##### DATA SHOWN #####

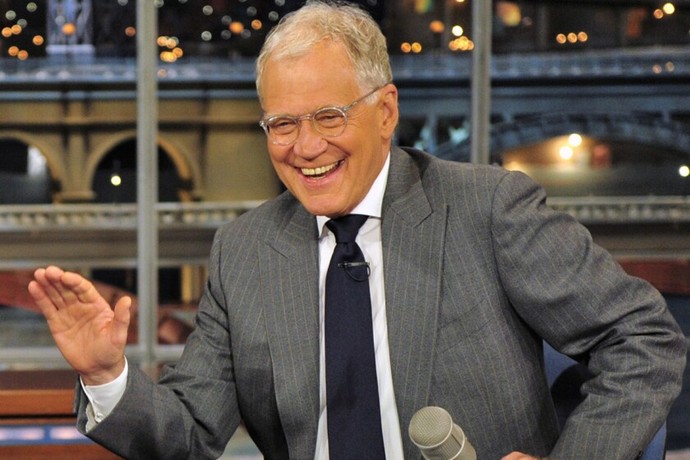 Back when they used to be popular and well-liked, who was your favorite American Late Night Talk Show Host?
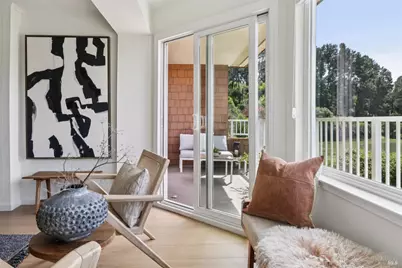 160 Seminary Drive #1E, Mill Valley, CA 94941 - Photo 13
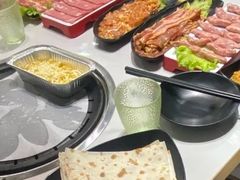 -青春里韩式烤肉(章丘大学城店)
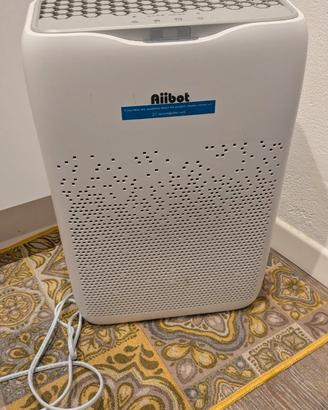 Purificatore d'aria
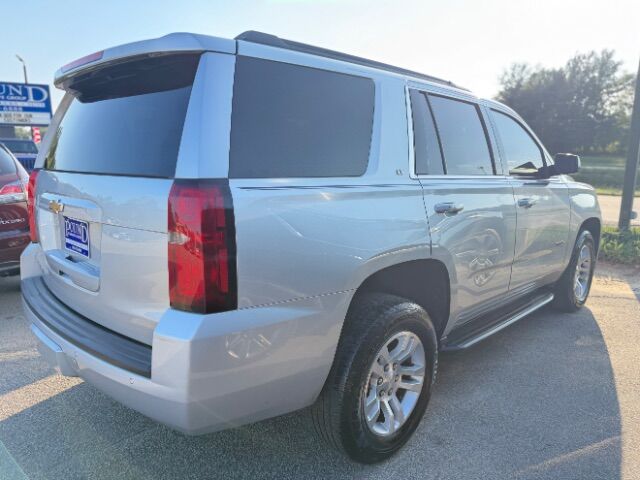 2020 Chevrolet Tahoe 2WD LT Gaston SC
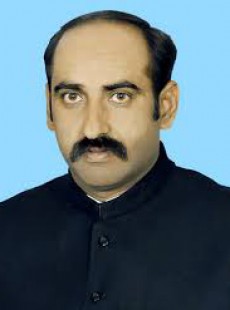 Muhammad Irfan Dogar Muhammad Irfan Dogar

#####
##### DATA SHOWN #####

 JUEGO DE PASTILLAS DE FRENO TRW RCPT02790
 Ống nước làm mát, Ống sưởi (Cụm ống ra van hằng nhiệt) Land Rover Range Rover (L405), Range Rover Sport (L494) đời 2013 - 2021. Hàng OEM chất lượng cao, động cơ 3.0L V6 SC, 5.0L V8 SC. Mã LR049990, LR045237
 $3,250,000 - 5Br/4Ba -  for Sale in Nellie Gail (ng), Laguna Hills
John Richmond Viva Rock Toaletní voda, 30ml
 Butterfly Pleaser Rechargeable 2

#####
##### DATA SHOWN #####

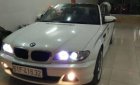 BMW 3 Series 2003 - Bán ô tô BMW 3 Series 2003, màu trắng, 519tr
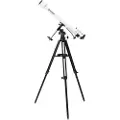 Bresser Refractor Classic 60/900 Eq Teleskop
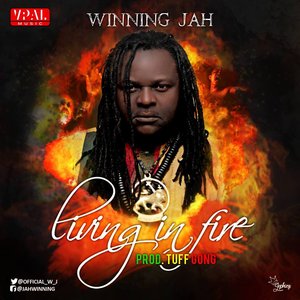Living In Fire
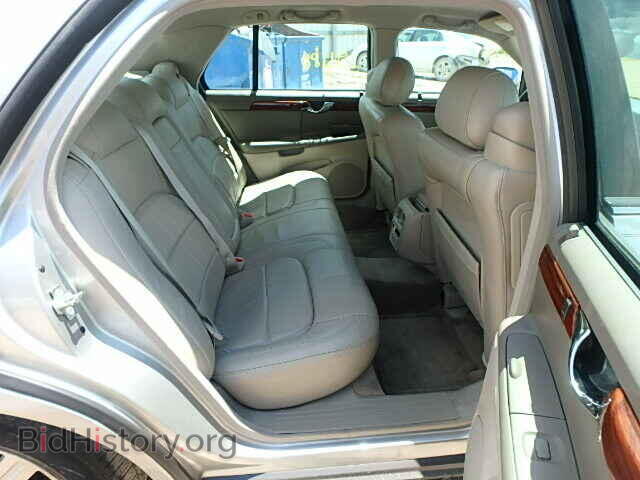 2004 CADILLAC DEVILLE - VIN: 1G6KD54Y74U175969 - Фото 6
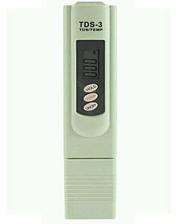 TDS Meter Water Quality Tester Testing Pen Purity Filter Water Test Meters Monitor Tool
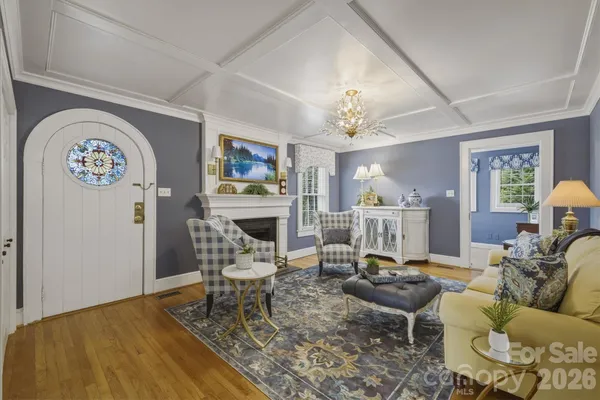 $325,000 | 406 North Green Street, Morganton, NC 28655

#####

▶ WHAT YOU ARE ASKED TO DO
A word-for-word reproduction is needed of the lines above from the line containing "Purificatore d'aria" through the line containing "Muhammad Irfan Dogar Muhammad Irfan Dogar", with both ends kept and no pictures.

▶ RESULT OF THE EXERCISE
 Purificatore d'aria
 2020 Chevrolet Tahoe 2WD LT Gaston SC
 Muhammad Irfan Dogar Muhammad Irfan Dogar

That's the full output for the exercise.